» **Work instructions**:
When you reach the line with "Audi Q3 35 TDI S tronic line edition" in the listing below, transcribe it and each line after it up to and including the line with "Stylish wedding in", exactly and with nothing else.

» **Records provided**:
______________________________

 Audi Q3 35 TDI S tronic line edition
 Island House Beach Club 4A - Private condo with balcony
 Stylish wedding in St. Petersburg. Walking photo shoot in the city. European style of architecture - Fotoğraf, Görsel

______________________________

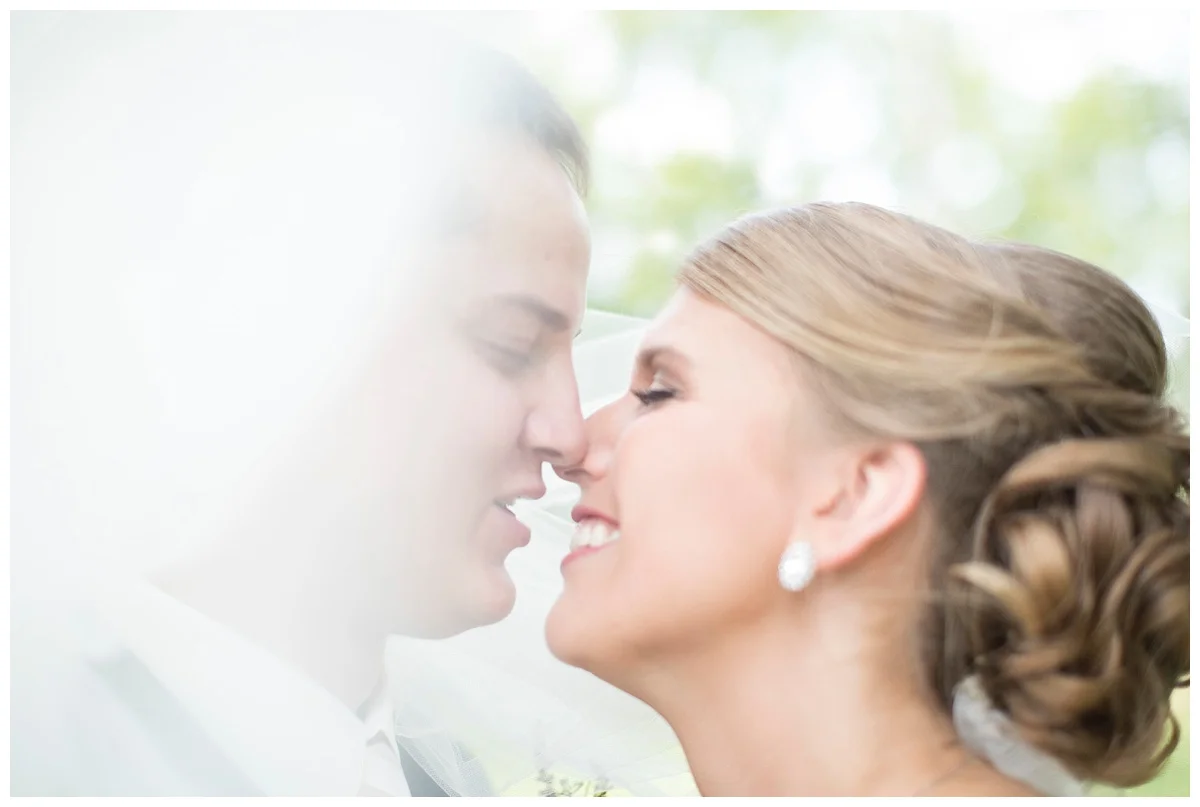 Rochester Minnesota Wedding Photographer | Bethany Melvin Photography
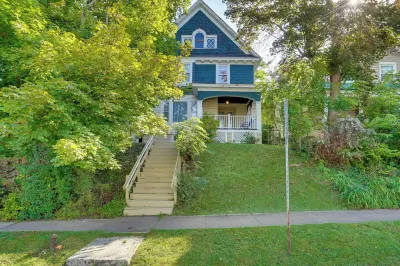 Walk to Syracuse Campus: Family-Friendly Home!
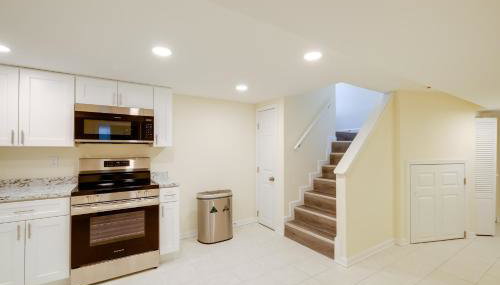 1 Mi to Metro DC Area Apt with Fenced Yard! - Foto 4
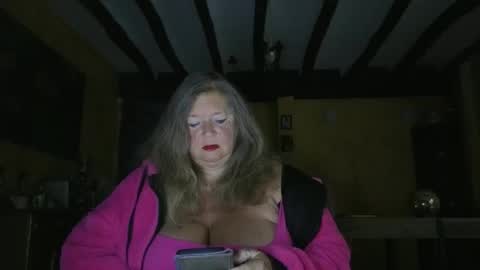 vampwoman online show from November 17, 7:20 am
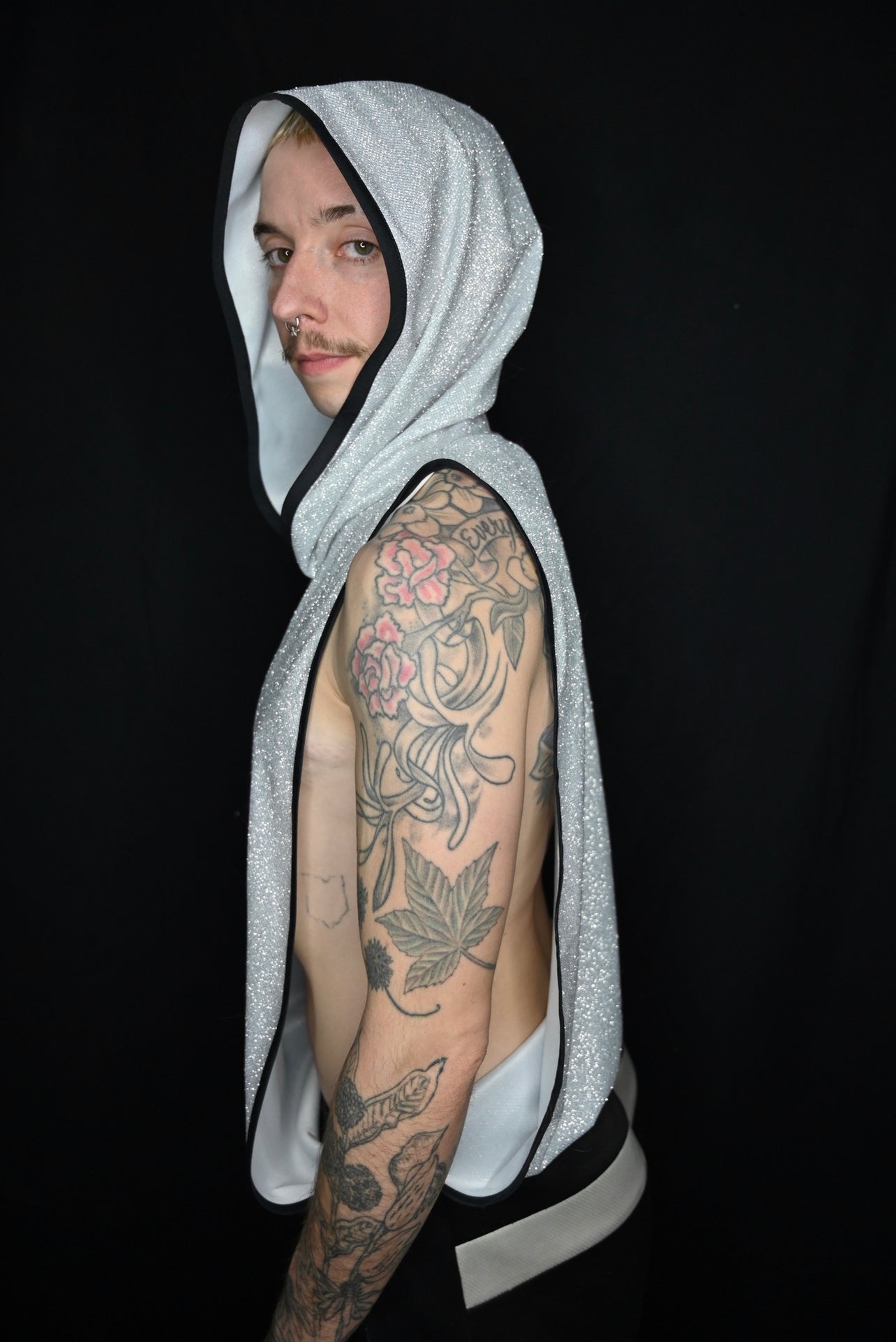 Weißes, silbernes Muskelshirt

______________________________

» **Written solution**:
 Audi Q3 35 TDI S tronic line edition
 Island House Beach Club 4A - Private condo with balcony
 Stylish wedding in St. Petersburg. Walking photo shoot in the city. European style of architecture - Fotoğraf, Görsel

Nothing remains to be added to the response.